▶ **ACTIVITY**
Give back only the lines in the records below from the one with "Set of portraits" to the one with "PA license plate LMG9841", both inclusive, word for word.

▶ **RECORDS PROVIDED**
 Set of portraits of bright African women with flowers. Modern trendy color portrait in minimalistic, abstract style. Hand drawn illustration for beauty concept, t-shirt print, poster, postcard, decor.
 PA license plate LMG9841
==
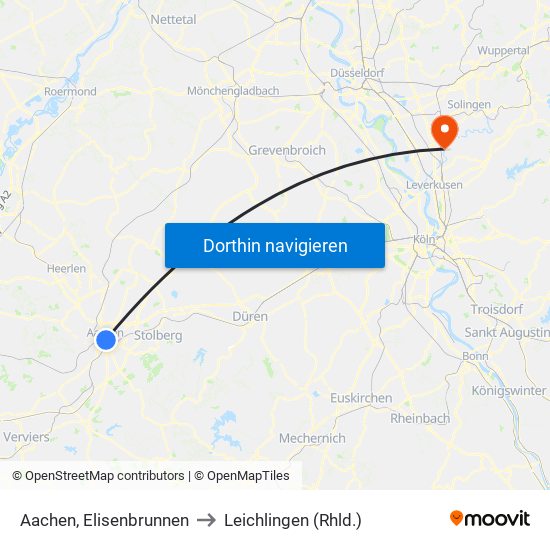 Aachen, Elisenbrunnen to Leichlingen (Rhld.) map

▶ **PROBLEM SOLUTION**
 Set of portraits of bright African women with flowers. Modern trendy color portrait in minimalistic, abstract style. Hand drawn illustration for beauty concept, t-shirt print, poster, postcard, decor.
 PA license plate LMG9841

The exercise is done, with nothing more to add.